2. Effective Date. This Amendment shall be effective on the date on
which:
(a) This Amendment shall have been executed by the Borrowers and the
Required Lenders; and
(b) The Agent shall have received executed acknowledgment and
reaffirmations, substantially in the form set forth in Exhibit A hereto, duly
executed by each of the Guarantors.
3. Representations and Warranties. The Borrowers hereby represent and
warrant to the Agent and the Lenders as follows:
(a) Each Borrower has the power and authority and the
legal right to execute, deliver and perform this Amendment and has taken all
necessary action to authorize the execution, delivery and performance of this
Amendment. This Amendment has been duly executed and delivered by each Borrower.

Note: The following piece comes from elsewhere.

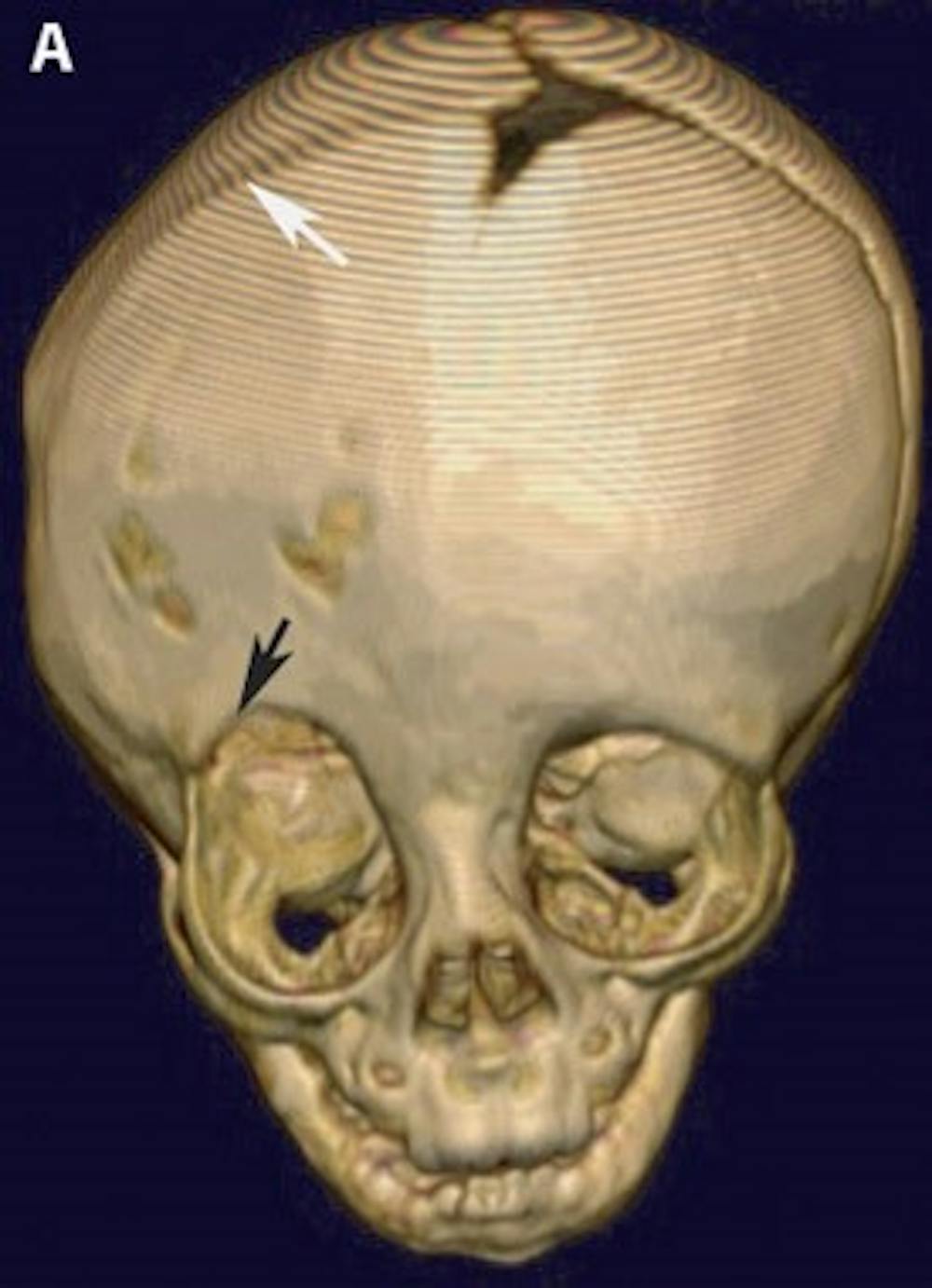 Pre-operative 3-D CT reconstruction of the skull demonstrating the effects of craniosynostosis. Note how the premature fusion of the right coronal suture (white arrow) has led to a distortion of the overall shape of the skull and right orbit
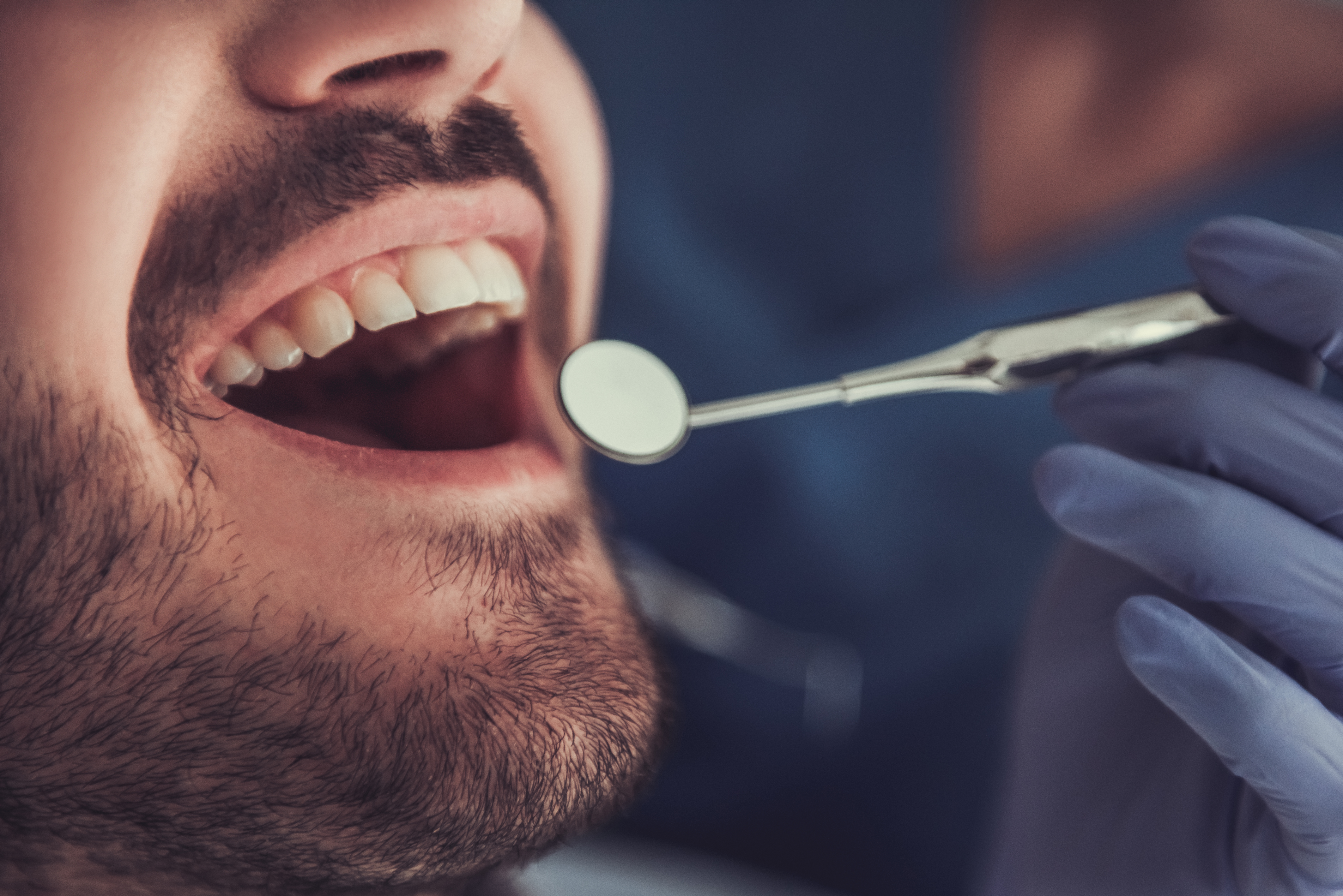 Leczenie próchnicy u dorosłych, leczenie stomatologiczne, zabieg u dentysty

The Credit Agreement (as amended by this Amendment) and the other Loan Documents
constitute legal, valid, and binding obligations of each Borrower, enforceable
against such Borrower in accordance with their terms, subject to applicable
bankruptcy, insolvency, reorganization, moratorium and other similar laws now or
hereafter in effect relating to creditors, rights generally, and general
principles of equity.
(b) At and as of the date of execution hereof and at and as of the
effective date of this Amendment and after giving effect to this Amendment: (1)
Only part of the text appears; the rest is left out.